Paradoxo dos 2 Exércitos

  • \(A\) e \(B\) devem concordar na hora do ataque.
  • \(A\) ataca se estiver certo que \(B\) atacará.
  • \(B\) ataca se estiver certo que \(A\) atacará.
  • A comunicação por troca de mensagens.
  • Mensagens podem ser arbitrariamente atrasadas.
  • Mensagens podem ser perdidas.

Como um exército tem certeza que o outro irá atacar?

Suponhamos que há um algoritmo correto que executa uma sequência finita de troca de mensagens em que ao final tanto Alice quanto Bastião estão seguros, e corretos em sua segurança, de que o outro também atacará. Seja \(n\) o número máximo de mensagens trocadas. Em uma execução em que todas as \(n\) mensagens possíveis são usadas, suponha sem perda de generalidade que Alice enviou a \(n\)-ésima mensagem.

Paradoxo dos 2 Generais

Observe que, do ponto de vista de Alice, uma execução do algoritmo em que a nenhuma mensagem é perdida, é indistinguível de uma execução em que a \(n\)-ésima mensagem é perdida.

Paradoxo dos 2 Generais

Dado que ao final da primeira execução completa Alice ataca, no final da execução onde a mensagem \(n\) é perdida, Alice também deve atacar. Mas se o algoritmo é correto, então também Bastião ataca, mesmo sem ter recebido a enésima mensagem. Logo, a enésima mensagem é desnecessária ao algoritmo, que deve funcionar com \(n-1\) mensagens.

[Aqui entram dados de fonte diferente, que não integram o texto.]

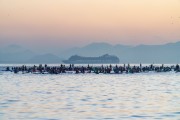 Practitioners of Stand up paddle watching the sunrise - post 6 of Copacabana Beach - Rio de Janeiro city - Rio de Janeiro state (RJ) - Brazil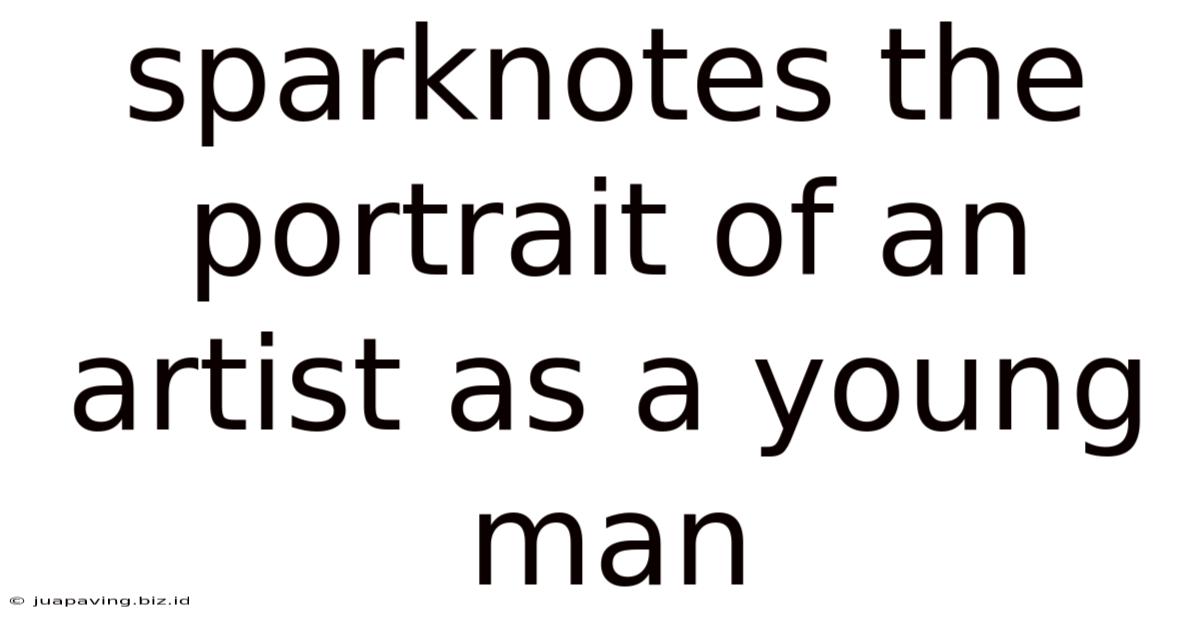 Sparknotes The Portrait Of An Artist As A Young Man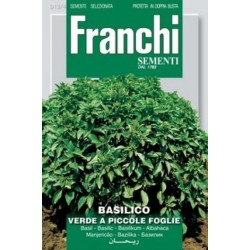 Basilic - basilico fine...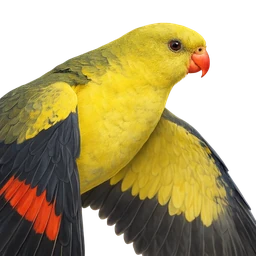 Regent Parrot, profile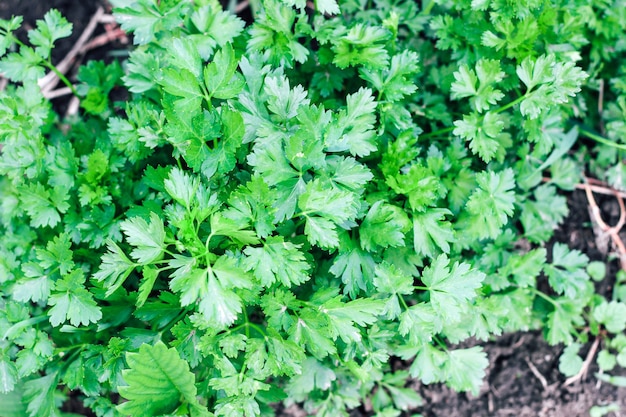 Giovani cespugli di prezzemolo. Piante utili in giardino.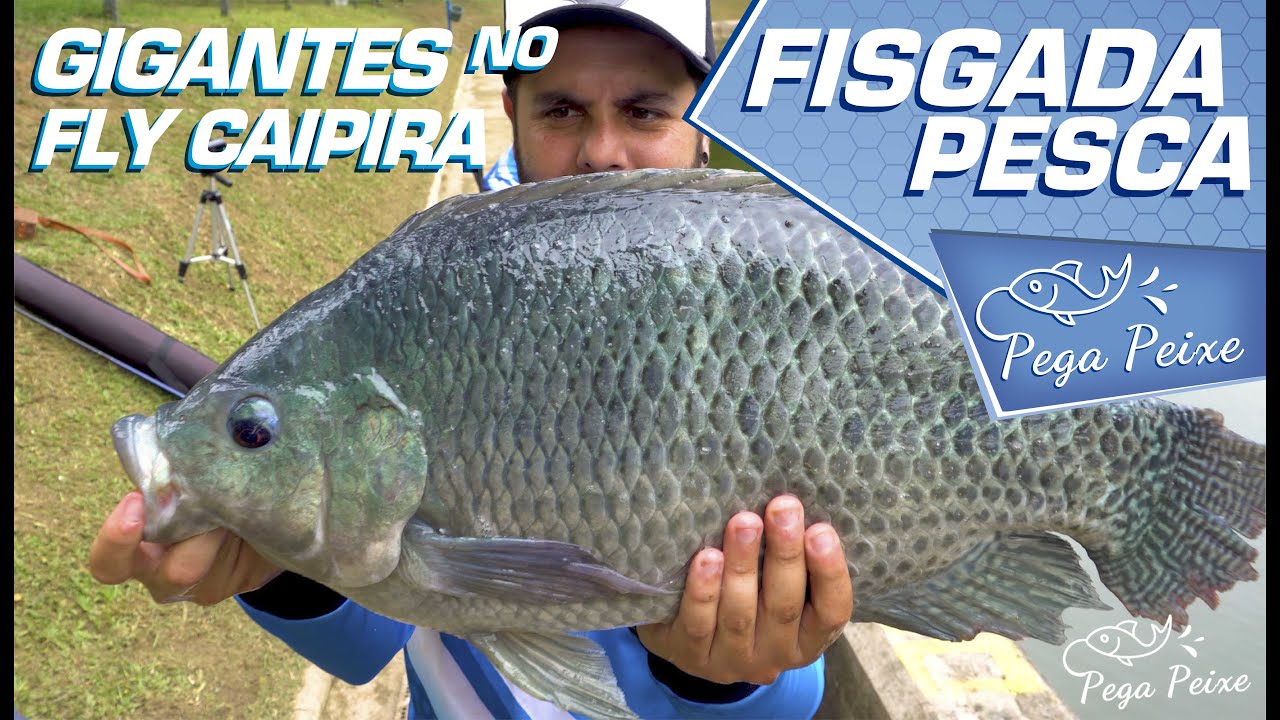 #61 GIGANTES NO FLY CAIPIRA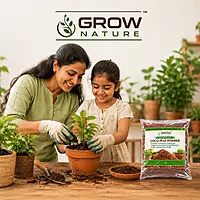 1kg Cocopeat Powder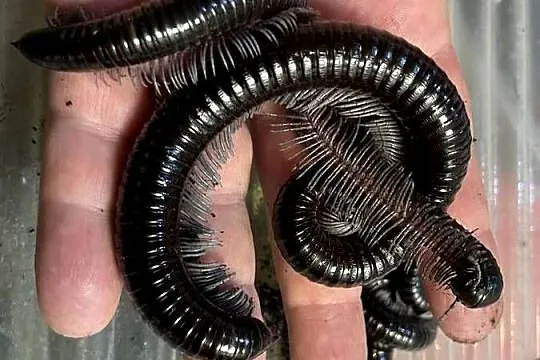 wij z Wietnamu (Remulopygus brevispinus /Balustreptus fasciatus), Śląskie, Gliwice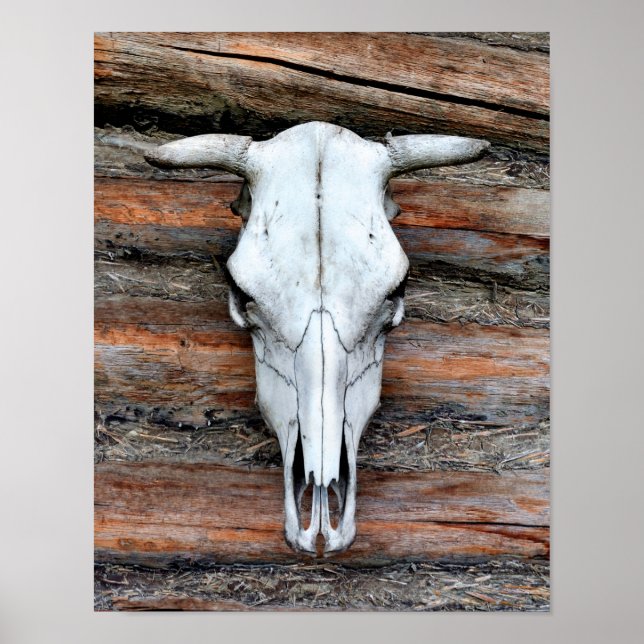 Mounted Cow Skull Poster (Front)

Repetindo-se o argumento mais \(n-1\) vezes, temos que o algoritmo deve funcionar com zero mensagens, o que é um absurdo. Logo não existem algoritmos corretos para o problema como definido, isto é, em que mensagens podem ser perdidas; é impossível resolver o problema.

Impossibilidades

Impossibilidade de resolução x resolução na prática.

Apesar de ser impossível resolver este problema aparentemente simples, devemos fazê-lo frequentemente no mundo real. A resposta está no que consideramos como premissas válidas no ambiente em que tentamos solucionar o problema e quais exatamente são as propriedades de uma solução aceitável.

Impossibilidades

Quando dizemos que é impossível resolver um problema não queremos dizer que é impossível resolver o problem em quaisquer circunstâncias, mas apenas nas circunstâncias nas quais a prova foi feita.

No caso do exemplo anterior, a impossibilidade implica que é impossível produzir um algoritmo que sempre levará a uma resposta correta com um número finito de mensagens, como havia sido assumido. Isto quer dizer, excluindo-se algoritmos que sempre levarão a respostas incorretas, ainda podemos produzir algoritmos que ou às vezes levarão a respostas incorretas ou que, mesmo que nunca levem a respostas incorretas, às vezes não levarão a respostas alguma; ambos podem ser úteis na prática.

Por exemplo, ainda no problema dos três exércitos tentando tomar a cidade, suponha que em vez de mandar um único mensageiro com a ordem de ataque, Alice envie 100, ou 200, ou 1000. A confiança de Alice de que Bastião também atacaria, seria muito maior e não precisaria receber uma confirmação de entrega de mensagens. Esta abordagem faria com com que o ataque funcionasse com uma alta probabilidade \(P\), mas com uma pequena probabilidade \(P-1\) de levar a um ataque fracassado, onde \(P\) pode ser feita tão grande quanto se "queira".

Resultados de impossibilidade abundam na área de computação distribuída2 e não podem nos desencorajar de continuar a buscar soluções práticas. Frequentemente a solução está em identificar premissas mais "amigáveis" que possam ser assumidas e, com isso, enfraquecer o problema.